Folio week reminds me a lot of the slumber parties that I used to have when I was a kid. Friday night, and you and a few of your school friends have hired out a couple of videos, loaded up on snacks and have spent the evening playing computer games. You're completely abuzz on sugary delights and this is going to be the best weekend ever. It's a fun night and you go to bed considerably later than normal, much to the chagrin of the parents kind enough to host the event.
However, the next morning is always dreary. It's Saturday and you have responsibilities, and, even if they are good ones, they are responsibilities nonetheless. That fleeting moment of absolute freedom has passed, and reality has re-entered the room, shuffled its feet a little and audibly cleared its throat. An intangible, bitter and disdainful feeling circles and you're ready for it when the proceedings come to an end; the adrenaline has worn off, and everyone is in various stages of decline. The Real World is buzzing around you and others are going about their days. You eventually return to the system and all you can think of is how much you can't wait until you leave it again.
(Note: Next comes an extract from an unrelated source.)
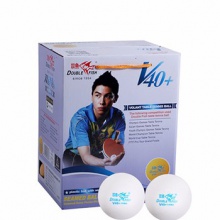 雙魚DOUBLEFISH 有縫新材料v40+mm展翅無星乒乓球100個裝 ABS高分子新材料訓(xùn)練球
And so we return to Sunday of Folio week where the novelty is starting to wear off, three days in. It's no longer just a cool, new experience to be had in the surrounds of friends; it's suddenly your Uni career on the line - if you fail this folio, you fail the studio which means that you have to repeat it. No one wants that, so the stress starts to simmer and froth. The percolations begin and will ascend to a rapturous cacophony of whistles and hormones culminating in the utter chaos of deadline day, whereby every single Architecture student at the University will assemble in the ALVA building to submit their final folio at various points of the day.
In such close collision, it's not a stretch to imagine frayed nerves spilling over into confrontation. Our class gets along well with each other, so I'm not too worried. However, hallways will be filled, people will be panicking, running, stressing and looking to steal any last minute resource that they might need to improve their submission.
I am looking forward to Friday, for I want to see just exactly what happens and how accurate my predictions of the week have been.
I am also looking forward to Friday so I can have a prolonged sleep, safe in the knowledge that, for two months, responsibilities will be far, far away.